Habit first published by Sight & Sound, August 2018
Review: Adapted by Simeon Halligan from Stephen McGeagh’s 2012 novel, Habit follows the template established by Robert Rodriguez’s From Dusk Till Dawn (1996) of starting off as one kind of film before jumping the genre border – in a sex club – at the halfway point. Even the title, slyly borrowed from Larry Fessenden’s thematically similar film from 1995, hints at where things are headed, while the presence at the helm of Halligan (director of Splintered, 2010 and White Settlers, 2014, and founder of Manchester’s Grimmfest) brings expectations of horror. Yet for a while, Habit offers a portrait of deprivation and exclusion in a readily identifiable mode of social realism, as we watch Michael (Elliot James Langridge) – very much the damaged product of childhood tragedy – drifting fecklessly between dole office and pub, and ever towards escapist excess and trouble. His older sister Mand (Sally Carman) is his lifeline and his ‘guardian angel’, occasionally helping him out for money and keeping him more or less on the straight and narrow – but just as Mand starts losing her patience with his drunken irresponsibility, Michael meets strange young stray Lee (Jessica Bardem), and through her finds a new family for himself in the Manchester underworld.

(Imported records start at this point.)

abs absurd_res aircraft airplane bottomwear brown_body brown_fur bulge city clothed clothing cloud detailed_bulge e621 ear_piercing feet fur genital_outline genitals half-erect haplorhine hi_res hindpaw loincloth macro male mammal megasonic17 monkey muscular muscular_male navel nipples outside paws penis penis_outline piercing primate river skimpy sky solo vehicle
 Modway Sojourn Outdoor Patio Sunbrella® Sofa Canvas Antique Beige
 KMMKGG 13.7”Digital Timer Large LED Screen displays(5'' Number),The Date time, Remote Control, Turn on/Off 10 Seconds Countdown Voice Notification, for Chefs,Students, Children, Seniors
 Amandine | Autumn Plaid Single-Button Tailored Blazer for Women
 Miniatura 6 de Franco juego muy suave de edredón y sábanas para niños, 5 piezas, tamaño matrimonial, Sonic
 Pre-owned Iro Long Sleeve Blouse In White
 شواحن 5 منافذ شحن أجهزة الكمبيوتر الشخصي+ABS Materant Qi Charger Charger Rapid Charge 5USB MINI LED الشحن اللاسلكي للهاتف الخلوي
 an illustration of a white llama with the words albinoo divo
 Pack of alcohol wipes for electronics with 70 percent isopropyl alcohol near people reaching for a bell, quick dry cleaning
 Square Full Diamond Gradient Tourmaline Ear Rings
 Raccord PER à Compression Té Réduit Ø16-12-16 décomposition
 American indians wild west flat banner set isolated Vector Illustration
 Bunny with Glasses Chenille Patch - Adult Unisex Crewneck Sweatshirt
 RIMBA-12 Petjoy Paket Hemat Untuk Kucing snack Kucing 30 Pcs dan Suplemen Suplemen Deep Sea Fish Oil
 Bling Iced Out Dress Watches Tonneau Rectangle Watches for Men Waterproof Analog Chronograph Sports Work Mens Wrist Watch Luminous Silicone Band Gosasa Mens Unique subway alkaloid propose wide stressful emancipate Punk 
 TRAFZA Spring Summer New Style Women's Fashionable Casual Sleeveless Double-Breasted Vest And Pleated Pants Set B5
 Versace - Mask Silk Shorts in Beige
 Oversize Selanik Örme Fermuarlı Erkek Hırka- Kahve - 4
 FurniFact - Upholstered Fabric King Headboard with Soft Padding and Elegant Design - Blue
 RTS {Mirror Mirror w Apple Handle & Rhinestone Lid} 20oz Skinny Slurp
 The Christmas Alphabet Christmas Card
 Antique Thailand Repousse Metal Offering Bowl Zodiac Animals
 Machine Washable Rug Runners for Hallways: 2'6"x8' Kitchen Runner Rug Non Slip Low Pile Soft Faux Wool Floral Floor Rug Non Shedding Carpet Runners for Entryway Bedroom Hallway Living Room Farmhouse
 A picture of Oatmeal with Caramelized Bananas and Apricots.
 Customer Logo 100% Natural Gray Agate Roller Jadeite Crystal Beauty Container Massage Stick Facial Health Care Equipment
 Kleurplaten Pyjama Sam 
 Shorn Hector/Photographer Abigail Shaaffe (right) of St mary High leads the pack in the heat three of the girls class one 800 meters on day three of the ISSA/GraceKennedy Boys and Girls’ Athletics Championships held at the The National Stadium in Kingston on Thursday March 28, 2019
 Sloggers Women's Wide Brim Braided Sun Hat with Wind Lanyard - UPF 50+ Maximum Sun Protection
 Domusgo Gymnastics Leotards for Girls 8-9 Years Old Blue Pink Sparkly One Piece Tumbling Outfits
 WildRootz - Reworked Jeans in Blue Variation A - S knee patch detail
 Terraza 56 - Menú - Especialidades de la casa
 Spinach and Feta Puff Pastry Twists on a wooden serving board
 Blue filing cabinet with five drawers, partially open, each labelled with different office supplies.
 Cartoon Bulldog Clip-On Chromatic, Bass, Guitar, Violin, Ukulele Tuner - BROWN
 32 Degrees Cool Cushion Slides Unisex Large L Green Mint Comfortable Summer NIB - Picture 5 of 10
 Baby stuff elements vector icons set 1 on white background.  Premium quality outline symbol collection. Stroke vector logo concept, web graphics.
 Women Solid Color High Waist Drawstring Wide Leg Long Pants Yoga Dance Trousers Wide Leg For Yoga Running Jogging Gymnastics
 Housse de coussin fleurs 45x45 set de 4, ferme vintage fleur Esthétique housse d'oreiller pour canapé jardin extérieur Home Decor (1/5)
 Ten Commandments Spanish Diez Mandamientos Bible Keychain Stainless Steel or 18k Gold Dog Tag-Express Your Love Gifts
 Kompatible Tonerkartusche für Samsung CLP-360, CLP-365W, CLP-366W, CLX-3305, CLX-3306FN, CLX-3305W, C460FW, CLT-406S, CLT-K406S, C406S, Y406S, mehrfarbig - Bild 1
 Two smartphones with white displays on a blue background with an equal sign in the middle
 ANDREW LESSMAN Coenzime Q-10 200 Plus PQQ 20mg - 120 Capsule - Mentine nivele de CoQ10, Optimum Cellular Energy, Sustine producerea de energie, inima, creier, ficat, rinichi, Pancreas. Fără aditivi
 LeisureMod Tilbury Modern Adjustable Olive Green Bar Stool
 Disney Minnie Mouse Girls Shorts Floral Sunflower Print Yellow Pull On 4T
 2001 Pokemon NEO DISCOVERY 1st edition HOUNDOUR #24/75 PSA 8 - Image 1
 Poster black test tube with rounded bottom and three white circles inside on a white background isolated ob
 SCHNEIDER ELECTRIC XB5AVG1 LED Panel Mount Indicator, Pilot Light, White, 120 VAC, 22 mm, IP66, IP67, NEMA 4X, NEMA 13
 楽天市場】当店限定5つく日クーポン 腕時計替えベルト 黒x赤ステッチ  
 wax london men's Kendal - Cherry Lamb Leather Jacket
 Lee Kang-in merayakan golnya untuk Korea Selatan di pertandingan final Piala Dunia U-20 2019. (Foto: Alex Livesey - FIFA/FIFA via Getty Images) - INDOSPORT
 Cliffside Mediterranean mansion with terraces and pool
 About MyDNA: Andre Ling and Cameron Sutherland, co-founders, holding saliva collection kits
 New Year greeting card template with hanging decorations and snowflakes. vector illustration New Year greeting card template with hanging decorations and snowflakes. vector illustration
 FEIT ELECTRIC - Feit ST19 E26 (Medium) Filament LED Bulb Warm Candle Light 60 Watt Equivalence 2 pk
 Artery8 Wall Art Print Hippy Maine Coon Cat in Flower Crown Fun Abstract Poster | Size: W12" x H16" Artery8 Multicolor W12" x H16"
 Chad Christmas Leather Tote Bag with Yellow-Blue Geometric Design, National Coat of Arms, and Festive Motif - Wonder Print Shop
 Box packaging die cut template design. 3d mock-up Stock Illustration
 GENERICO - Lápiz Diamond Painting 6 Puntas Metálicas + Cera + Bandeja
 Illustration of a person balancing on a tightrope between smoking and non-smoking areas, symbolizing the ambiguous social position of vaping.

“I’m not hungry,” Michael insists when Lee buys hims some chips – but he is soon devouring them with her. For in Michael’s palpable sense of abandonment and loss, Lee is quick to recognise a kindred emptiness and appetite. This will be filled by the seedy massage parlour Cloud 9 – a house of orgiastic, carnal pleasures – managed by Lee’s uncle Ian (William Ash). Soon Michael is manning the door and being integrated into the small community that works there, in spite, or perhaps because, of his awareness that the parlour operates beyond the legal and moral norms of a society in which, for all his sister’s best efforts, he has never fit anyway. As such, it is clear that Habit is a noir-tinged allegory of Britain’s marginalised underclass, left to its own devices, living hand to mouth and running (on empty) very much outside the system. The vehicle of this allegory certainly gestures towards familiar horror tropes, but the film never quite crosses over to the supernatural, ensuring that its essential naturalism can remain relatively intact.
Here the hunger, though somewhat vampiric or cannibalistic, is less an innate or transmitted condition of monstrousness than a special kind of dog-eat-dog communion amongst society’s excommunicated – a bond of transgressive indulgence through which the dispossessed find mutual connection and feed their desperation for empowerment. One might suppose, because of the brothel setting and the ensemble of female sex workers, that this will fall into the tradition of low-brow contemporary British comedy horrors like Phil Claydon’s Lesbian Vampire Killers (2009), Steven Lawson’s Dead Cert (2010), Jonathan Glendening’s Strippers vs Werewolves (2012) or Christian James Fanged Up (2017), designed to appeal to a certain “lads’ mag” sensibility. Instead, with its serious tone and subtextual heft, Halligan’s neon-lit film is more akin to Neil Jordan’s Byzantium (2012), and the better for it.
Synopsis: Manchester, present day. On his way into the job centre, feckless Michael encounters Lee getting kicked out. Later, Lee asks if she can stay on the floor of the apartment that Michael shares with the even more irresponsible Dig. That night out clubbing, Michael disappoints his older sister Mand with his drunken behaviour. Lee takes Michael to Cloud 9, a massage parlour cum brothel managed by her uncle Ian, and asks Ian if he has work for Michael. Later, Michael returns to see seductive masseuse Alex, but is interrupted when another client staggers in with his throat slit. Horrified, Michael wants to go to the police, but relents when Ian offers him the doorman’s job. Michael likes the cash in hand and his co-workers, who Lee insists are now ‘family’ (Michael’s own mother committed suicide when he was a child). Gangland boss Grant sexually abuses Lee. Michael sees Ian, Lee and the other staff devouring a client in the basement, and though sickened, joins in the orgiastic feasting. Learning that other local clubs also hold illicit feasts, Michael attends one instead of answering a call for help from Mand. Depressed, Mand dies of an overdose. Michael agrees to help Ian murder Grant, but his hesitation lets Grant phone his henchmen before being killed. Armed henchmen come to Cloud 9 and shoot Ian and Alex. Michael and Lee flee, helped by a cannibal cabbie, and catch a train out of Manchester.